I know that 1 (mod 27) ≡ K implies that K = 27a + 1 where a is an integer.
Thus I must show that (3k+1)^9 can turn out in that way. But the power is 9, that's a lot!!! Isn't there an easier way to show this?
Here's how I think the best way to go about this is. Note that $\displaystyle (3k+1,27)=1$ and so by Euler's theorem this implies that $\displaystyle (3k+1)^{\varphi(27)}=(3k+1)^{18}\equiv1\text{ mod }27$. This tells us that $\displaystyle x^2=1\text{ mod }27$ where $\displaystyle x=(3k+1)^{9}$. From this we may conclude that $\displaystyle (3k+1)^9\equiv \pm a\text{ mod }27$. Now, why is $\displaystyle (3k+1)^9\not\equiv-1\text{ mod }27$?
another way is to use the binomial theorem...now, i know what you're thinking...that's a lot of calculation, but:
every term is going to be of the form a(3k)^n. all the terms for n > 2 are going to disappear since (3k)^3 = (27)(k^3) = 0 (mod 27).
so that leaves just the 9k^2, 3k and constant term.
the constant term is going to be 1^9 = 1.
the coefficient of the 3k term is going to be 9, and 9(3k) = 27k = 0 (mod 27).
the coefficient of the (3k)^2 term is going to be 9!/(2!7!) = (8)(9)/2 = 36, and (36)(3k)^2 = (27)(4k^2) = 0 (mod 27),
so only the constant term survives, and that's 1.

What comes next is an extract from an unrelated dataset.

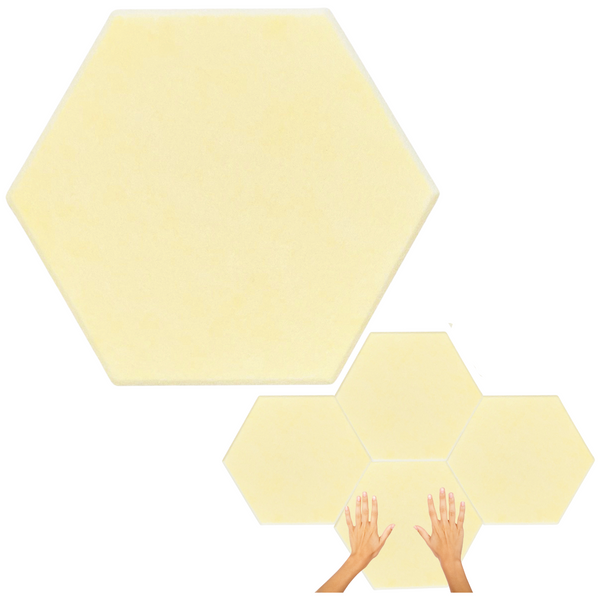 Panele Ścienne Filcowe 3D Heksagon Zagłówek Samoprzylepne Akustyczne Soft zdjęcie 4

The binomial theorem is $\displaystyle (1+\phi)^n = \sum_{k=0}^n {n \choose k}\phi^k $
In your case $\displaystyle \phi = 3x$
$\displaystyle (1+3x)^9 = $
$\displaystyle 1 + {9 \choose 1}(3x)^1 + {9 \choose 2}(3x)^2 + {9 \choose 3}(3x)^3 + {9 \choose 4}(3x)^4 + {9 \choose 5}(3x)^5 +{9 \choose 6}(3x)^6$
$\displaystyle + {9 \choose 7}(3x)^7+ {9 \choose 8}(3x)^8 + (3x)^9$
Also note that $\displaystyle a^b = a^{c+d} = a^ca^d$ given that $\displaystyle b = c+d$
In our case take note that for each term above $\displaystyle {9 \choose 2}(3x)^2$ the exponent can be expressed as
$\displaystyle {9 \choose k}(3x)^{3+k}$ which, due to the law of exponents is the same as $\displaystyle {9 \choose k}(3x)^3(3x)^k$ (where k is a non-negative integer)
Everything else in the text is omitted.